• SUPPLIED DATA:
* * * * * * * * *
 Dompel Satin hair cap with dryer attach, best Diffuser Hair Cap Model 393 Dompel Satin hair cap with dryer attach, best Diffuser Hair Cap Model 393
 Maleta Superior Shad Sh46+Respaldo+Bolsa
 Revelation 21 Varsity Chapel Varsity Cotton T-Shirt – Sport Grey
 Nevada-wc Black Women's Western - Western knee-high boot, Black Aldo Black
* * * * * * * * *
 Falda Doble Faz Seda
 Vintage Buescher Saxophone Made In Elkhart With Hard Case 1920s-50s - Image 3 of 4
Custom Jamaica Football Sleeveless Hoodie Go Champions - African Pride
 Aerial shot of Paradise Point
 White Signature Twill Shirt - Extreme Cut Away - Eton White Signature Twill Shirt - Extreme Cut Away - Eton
* * * * * * * * *
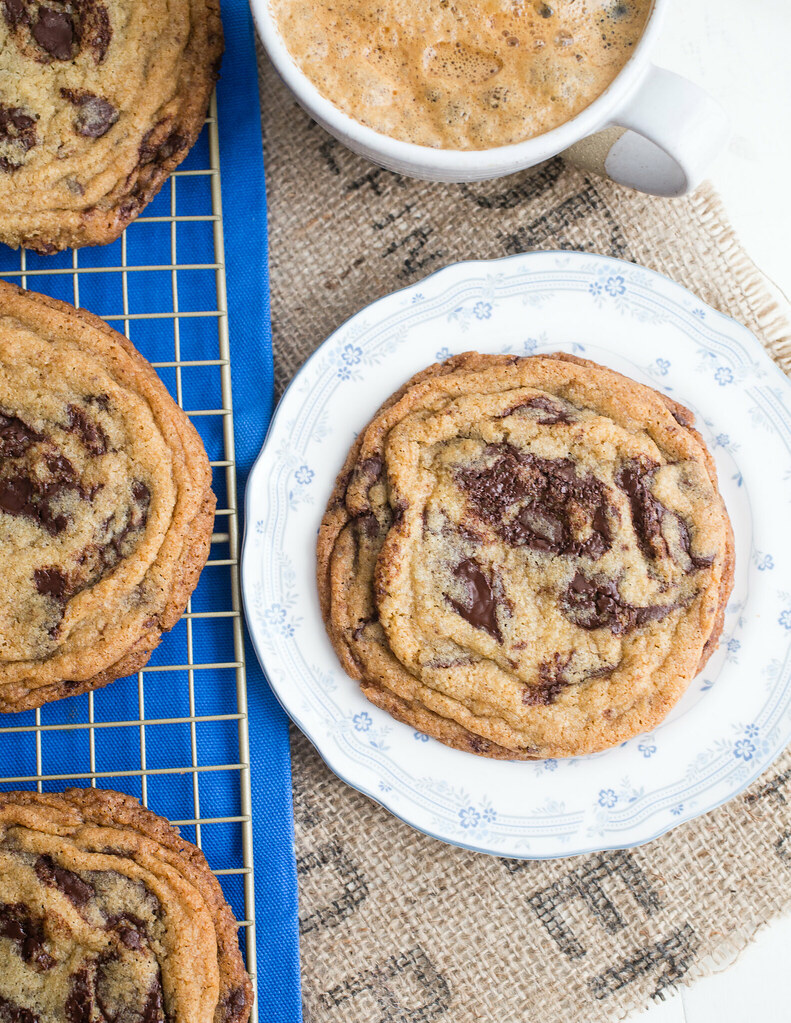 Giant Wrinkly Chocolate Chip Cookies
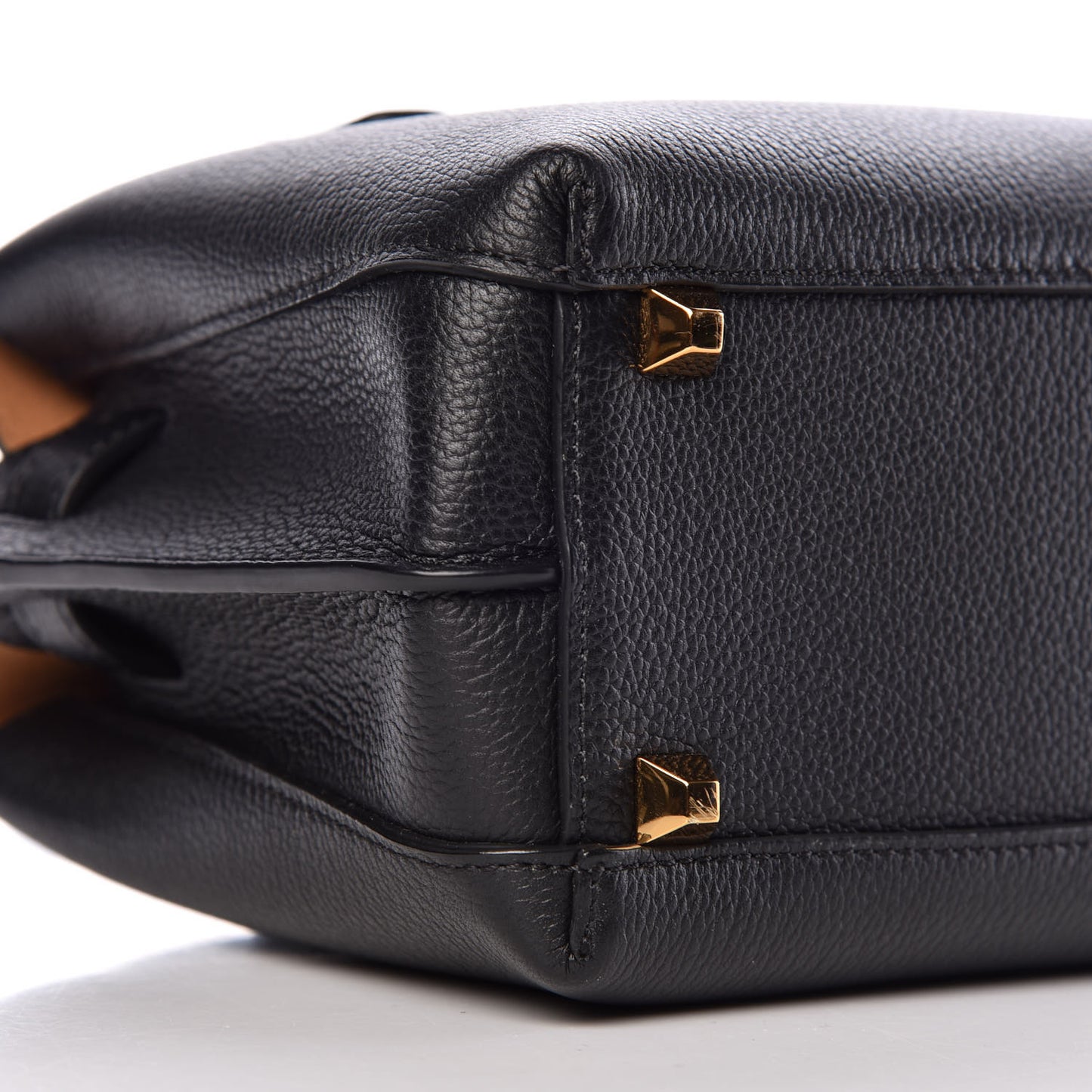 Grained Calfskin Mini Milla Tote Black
* * * * * * * * *
• ASSIGNED TASK: Using the data above, transcribe the lines that run from the line with "Model 393 Dompel" to the line with "Nevada-wc Black Women's", both ends kept, and output nothing else.

• COMPLETED TASK:
 Dompel Satin hair cap with dryer attach, best Diffuser Hair Cap Model 393 Dompel Satin hair cap with dryer attach, best Diffuser Hair Cap Model 393
 Maleta Superior Shad Sh46+Respaldo+Bolsa
 Revelation 21 Varsity Chapel Varsity Cotton T-Shirt – Sport Grey
 Nevada-wc Black Women's Western - Western knee-high boot, Black Aldo Black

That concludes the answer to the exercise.